Section: New Results
Navigating through unexplored pre-miRNA candidates
The computational search for novel miRNA precursors often involves some sort of structural analysis with the aim of identifying which type of structures are prone to being recognised and processed by the cellular miRNA-maturation machinery. A natural way to tackle this problem is to perform clustering over the candidate structures along with known miRNA precursor structures. Mixed clusters allows then the identification of candidates that are similar to known precursors. Given the large number of candidate pre-miRNAs that can be identified in single-genome approaches, even after applying several filters for robustness and stability, a conventional structural clustering approach is unfeasible.
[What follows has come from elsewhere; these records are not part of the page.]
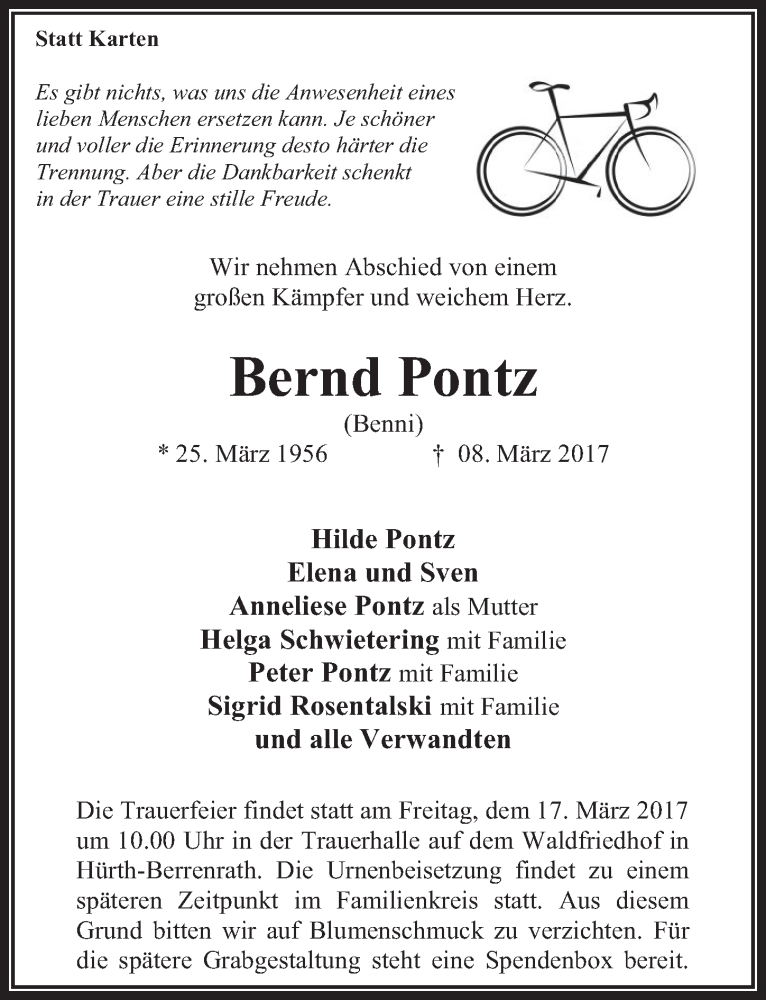  Traueranzeige für Bernd Pontz vom 15.03.2017 aus  Wochenende 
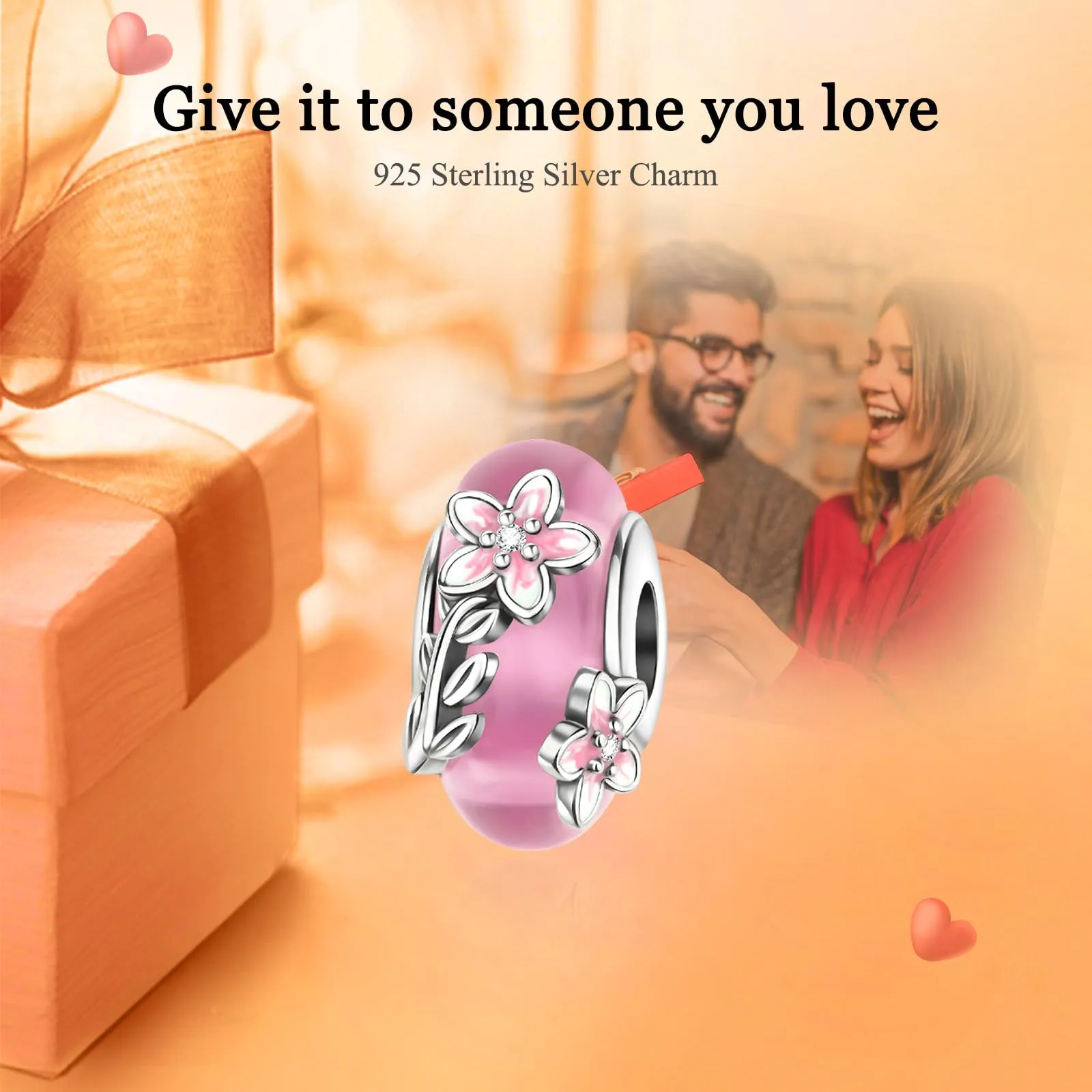 Rimgoris 925 Sterling Silver Women Bracciali Collana Rosa Fiore Perline di vetro Ciondolo Donna Bracciale Charm Festa della mamma con Zirconia - immagine 2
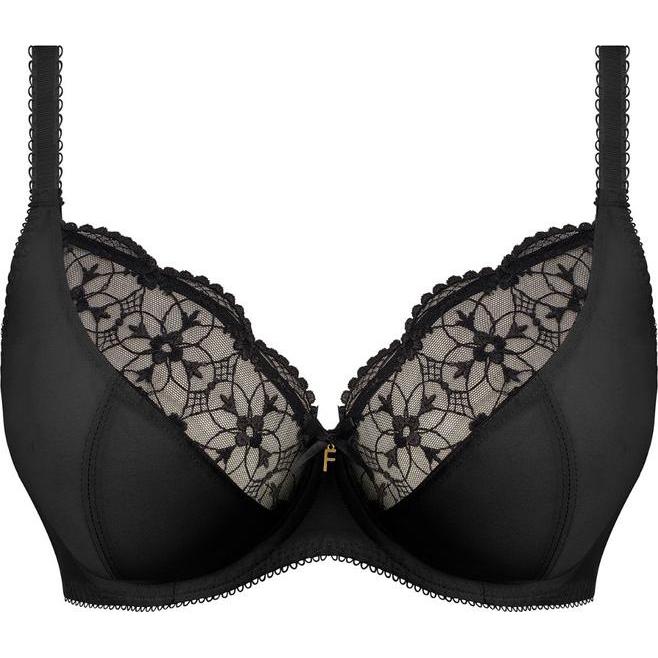 Freya, BH, plunge-bh mit bügel hallie, Schwarz, (90 G)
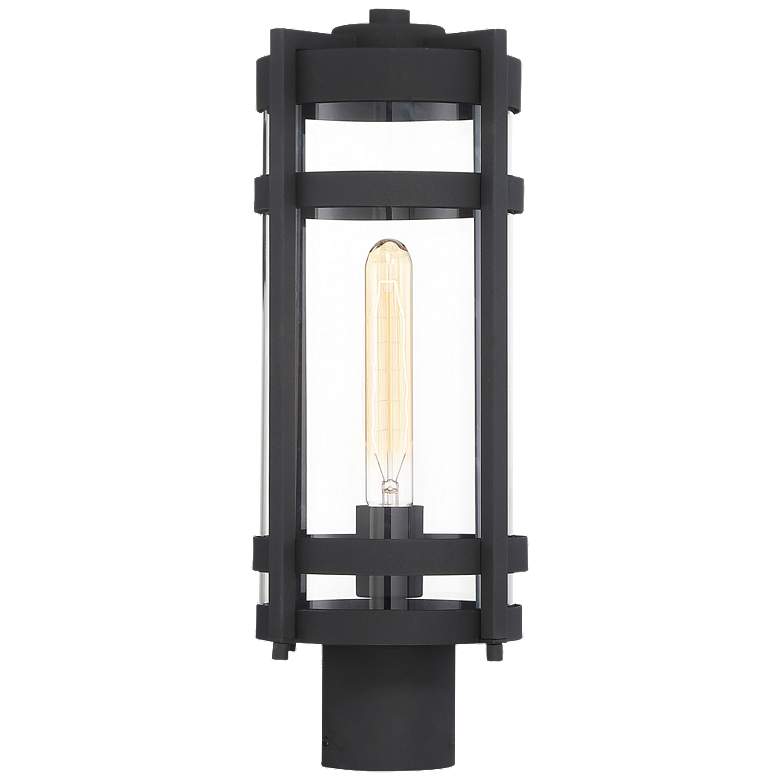 Image 1 Tofino; 1 Light; Post Lantern; Textured Black Finish with Clear Glass
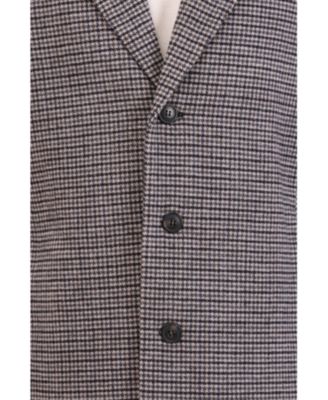 Men's Houndstooth Faux Wool Top Coat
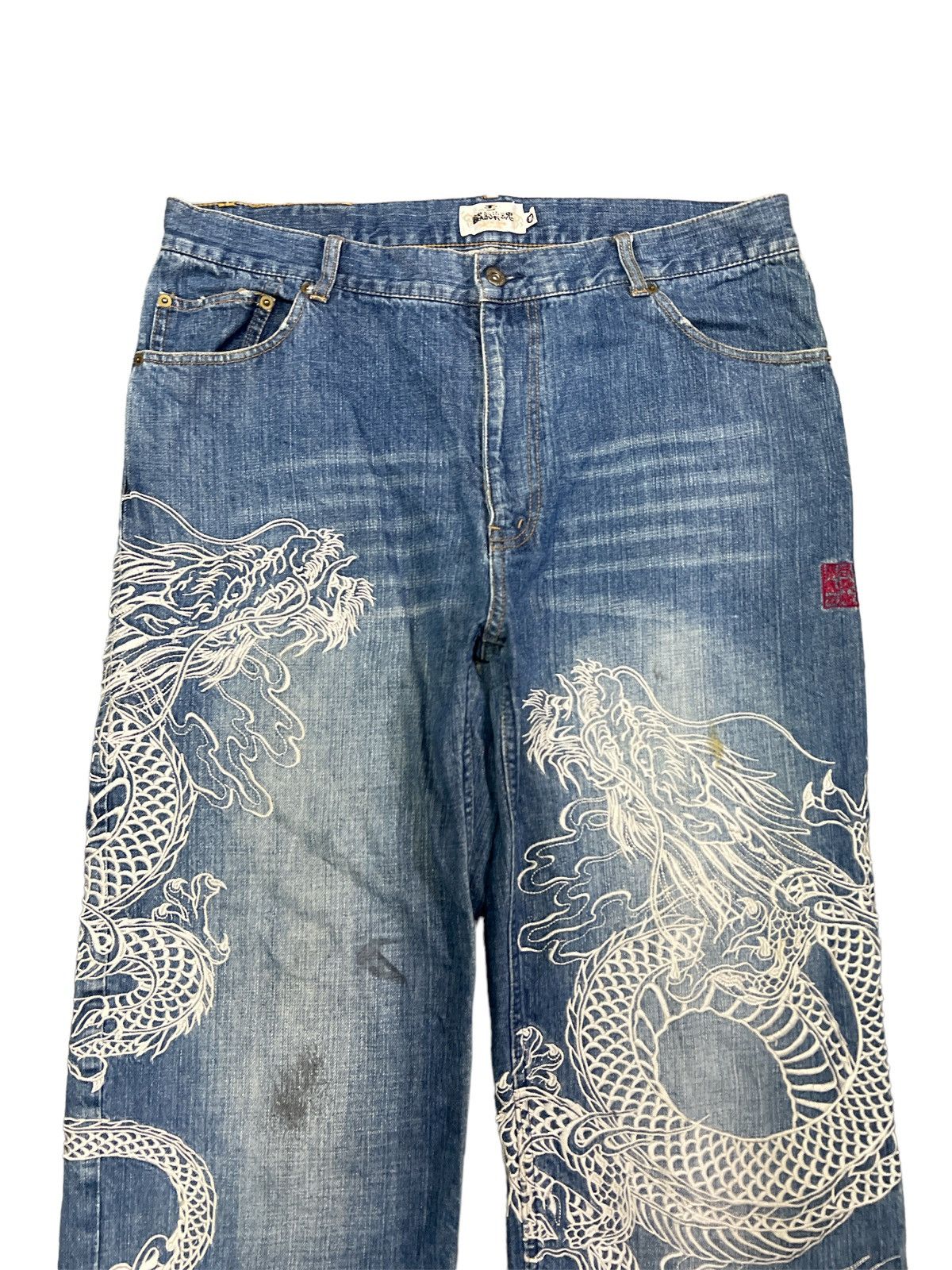 Dragonfly × Japanese Brand BAGGY💥EMBROIDERY MAFIA DOUBLE DRAGON DENIM PANT Size US 37 - 3 Thumbnail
We presented a method, MinDist , to represent candidate structures in a feature space which summarises key sequence/structure characteristics of each candidate. We demonstrated that proximity in this feature space is related to sequence/structure similarity, and we selected candidates which have a high similarity to known precursors. Additional filtering steps were then applied to further reduce the number of candidates to those with greater transcriptional potential. Our method was compared to another single-genome method (TripletSVM ) in two datasets, showing better performance in one and comparable performance in the other. Additionally, we showed that our approach allows for a better interpretation of the results. The MinDist method is available upon request and will be made available online. This work has been submitted to publication. This work was done in collaboration with A. T. Freitas and R. Backofen.